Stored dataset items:

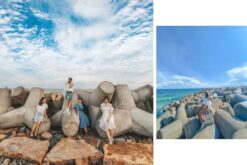 tour nha trang da lat ninh thuan mui ne 9n8d op2 16
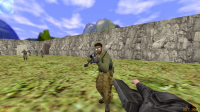 CS 1.6 Germany Edition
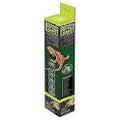 Happy Pet Komodo Reptile Carpet 120 X 60 Cm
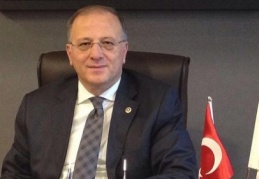 Çiftçiye verilen değeri en az beş-altı-yedi kat arttırdık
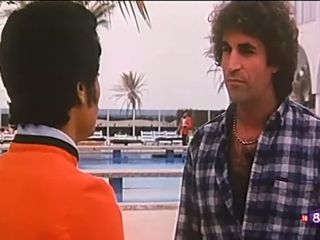 Orgasmo caliente (1981)!!!-5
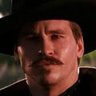 I'MYOURHUCKLEBERRY 的头像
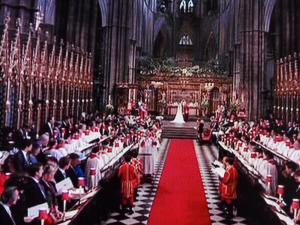 2011_0429royalwedding0037.JPG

--- Action item ---
The line that contains "Orgasmo caliente (1981)!!!-5" opens the part to copy, and the last line of the records closes it; set down those lines exactly, pictures excluded.

--- Response below ---
 Orgasmo caliente (1981)!!!-5
 I'MYOURHUCKLEBERRY 的头像
 2011_0429royalwedding0037.JPG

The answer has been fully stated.